After classification of the unlabeled spectrograms, the channels found to contain SPN-43 were discarded, and the empirical cumulative distribution function (CDF) for the power density was estimated from the set of spectrogram values (converted to dBm/MHz) in the 220 kHz-wide frequency-bin at the center of each 10 MHz channel (the expected location for SPN-43). Figure 11 shows examples of the empirical complementary CDF (CCDF), equal to one minus the CDF, for the SPN-43-absent power density for frequencies where SPN-43 was observed in San Diego and Virgina Beach. These plots can be used to quickly read off percentiles associated with the upper tails of each distribution. Namely, the 90th and 99th percentiles correspond to the power density values where the CCDF is equal to 0.1 and 0.01, respectively. Nonparametric simultaneous 95% confidence bands were estimated for the empirical CCDFs using a method based on the Dvoretzky-Kiefer-Wolfowitz inequality [27, Thm. 7.5]. The steep decrease in the CCDFs corresponds to the noise floor of the receiver, which varied with measurement location and receiver reference level [6, 7, 24]. The tail heaviness indicates the prevalence of non-SPN-43 emissions, such as Radar 3 OOBE.

## Vi Summary and Discussion

Accurate detection of radar in the 3.5 GHz band with coastal sensors is needed to both protect federal incumbent systems and to enable economical commercial utilization of the band. In this paper, we investigated the effectiveness of two deep learning algorithms, a CNN and an LSTM, for detection of SPN-43 radar in spectrograms. The algorithms were trained and tested with a set of nearly 4,500 unverified, human-labeled spectrograms collected at two coastal locations. Our evaluations demonstrated that deep learning methods offer much better detection performance than conventional energy detection. Finally, we applied the best-performing detection method in our study, the CNN, to classify over 10,000 unlabeled spectrograms and used the human and machine-labeled spectrograms to estimate occupancy statistics and SPN-43-absent power density distributions.

A standard practice in machine learning is to use separate labeled data sets for training, validation, and testing. Although there are many variations on this basic premise, such as the holdout method or k-fold cross validation, all essentially follow the same form. The training set is used to fit the model, the validation set is used to determine when to stop training and avoid over-fitting, and the test set is used to assess classifier generalization. Utilization of a validation set is a very effective strategy for determining the optimal amount of training a model needs to generalize well. Unfortunately, as discussed in Section II, our labeled data set suffered from a selection bias that limited the number of cases available to construct training, validation, and test sets with sufficient representation of the subgroups listed in Table I. Therefore, to ensure that our training and testing sets contained enough cases for each relevant subgroup, we chose to not use a separate validation set. Instead, to avoid over-fitting, we stopped training after a fixed number of epochs, and trained 100 separate models with different training initializations. It is possible that the variability between different training initializations would be much smaller if a validation set was used. Still, it is important to note that the initialization of weights within a network can have a large impact on the final model. Despite variations due to training initialization, the CNN always outperformed energy detection by a wide margin, whereas the LSTM underperformed energy detection for a small number of initializations.

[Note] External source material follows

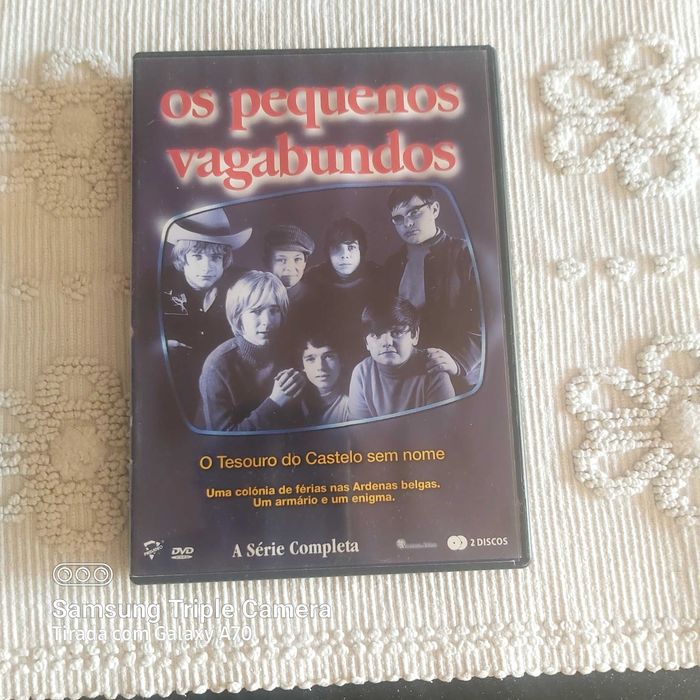 Serie completa 'Os pequenos vagabundos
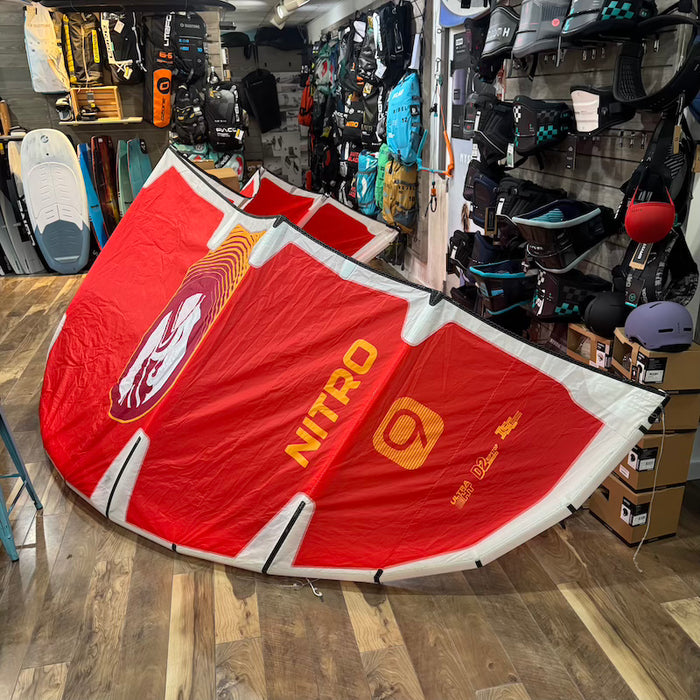 2026 Cabrinha Nitro 9m Kite Used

In addition to demonstrating the superiority of deep learning methods to energy detection, our evaluations indicate the minimum level of performance that can potentially be expected from an ESC detector. However, our test set was constructed so that challenging cases, e.g., multiple SPN-43s and Radar 3 OOBE, were well-represented, whereas the proportions of such observations in the field may be very different. Also, our data set only contained captures collected at two geographic locations for two months each. Therefore, the absolute detection performance levels observed in our tests may not be the same as those for a real-world ESC deployed in the field.

The excellent detection performance of the CNN allowed us to estimate spectrum occupancy statistics and power distributions for non-SPN-43 emissions with a much higher accuracy than would have been otherwise possible. In particular, using energy detection to classify the unlabeled data would have resulted in many more false-positives and missed detections at a given decision threshold, which would lead to biased estimates. Namely, false-positives lead to overestimation of spectrum occupancy, whereas missed detections result in an overestimation of spectrum vacancy and add a positive bias to non-SPN-43 power distributions. As explained in Section V, occupancy statistics and power distributions may have value to both ESC developers and spectrum regulators. A complete set of occupancy/vacancy statistics and power distributions for each channel in the 3.5 GHz band will be provided in a forthcoming technical report [24].

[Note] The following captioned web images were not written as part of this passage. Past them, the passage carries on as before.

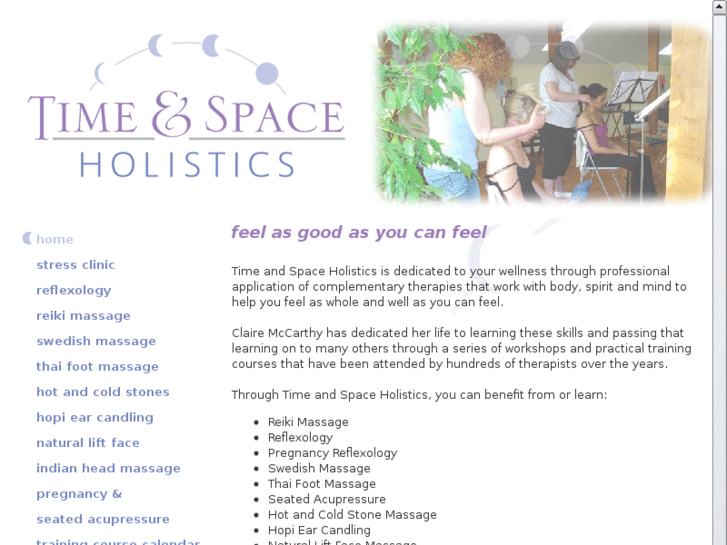 www.timeandspaceholistics.com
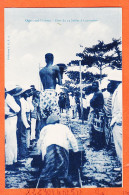 10985 / ⭐ PORT-GENTIL Gabon (•◡•) Construction Immeuble Banque Afrique Occidentale 1910s ◉ Collection CEFA C.E.F.A - Gabun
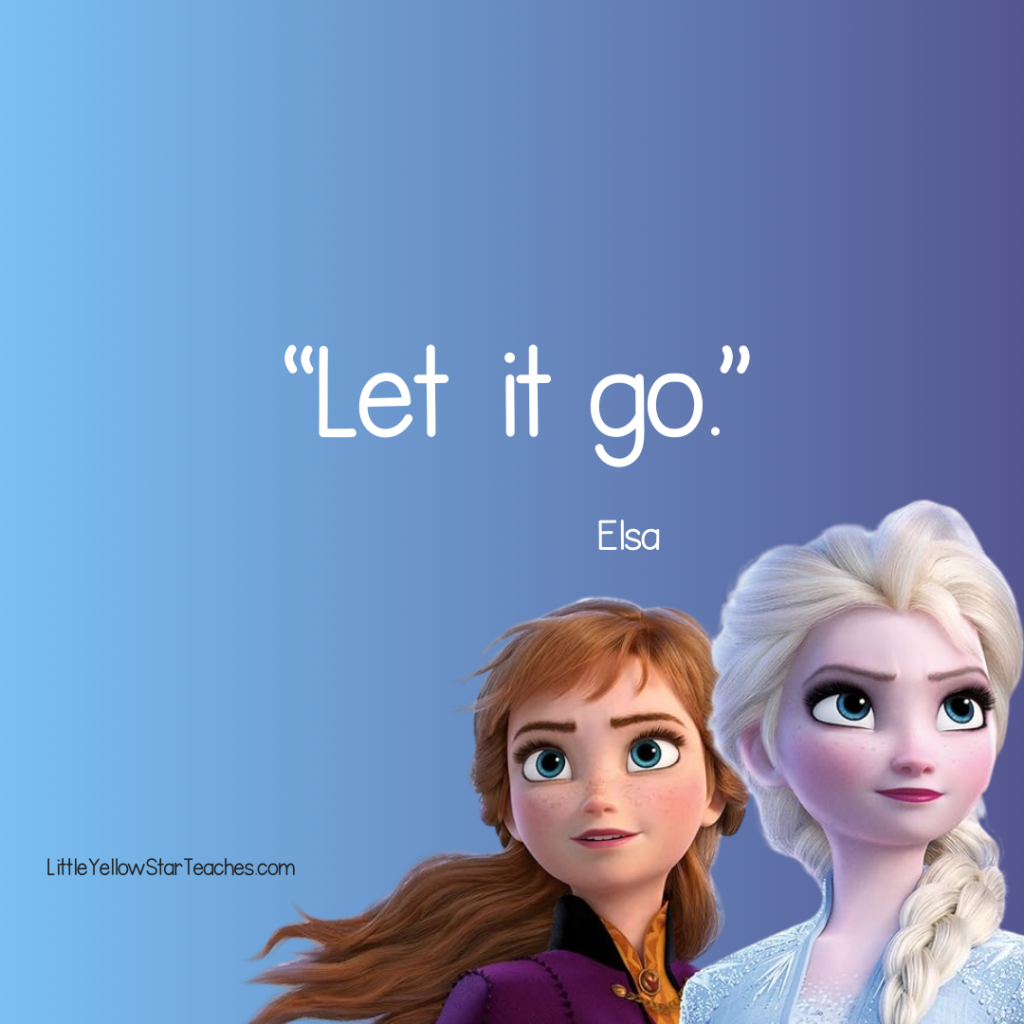 Frozen Quotes for Kids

## Appendix A Elements of Deep Learning Architectures

In this appendix, we review elements present in our deep neural network implementations. For additional details on deep learning methods, refer to the textbook by Goodfellow et al. [12].

### A-a Convolutional Neural Network

There are three common substructures in a classic CNN. These three substructures are the convolutional layer, the pooling layer, and the fully connected layer. Multiple instances of these layers can be stacked and arranged in any number of permutations. For detailed definitions and further information on CNNs, see, e.g., [28][29].

#### Convolutional Layer

Convolutional layers are designed to recognize shift-invariant features. As input, the layer accepts a three dimensional matrix. These layers are made up of filters, each of which is represented by a matrix with variable height and width but a fixed depth. The depth must match the depth of the input.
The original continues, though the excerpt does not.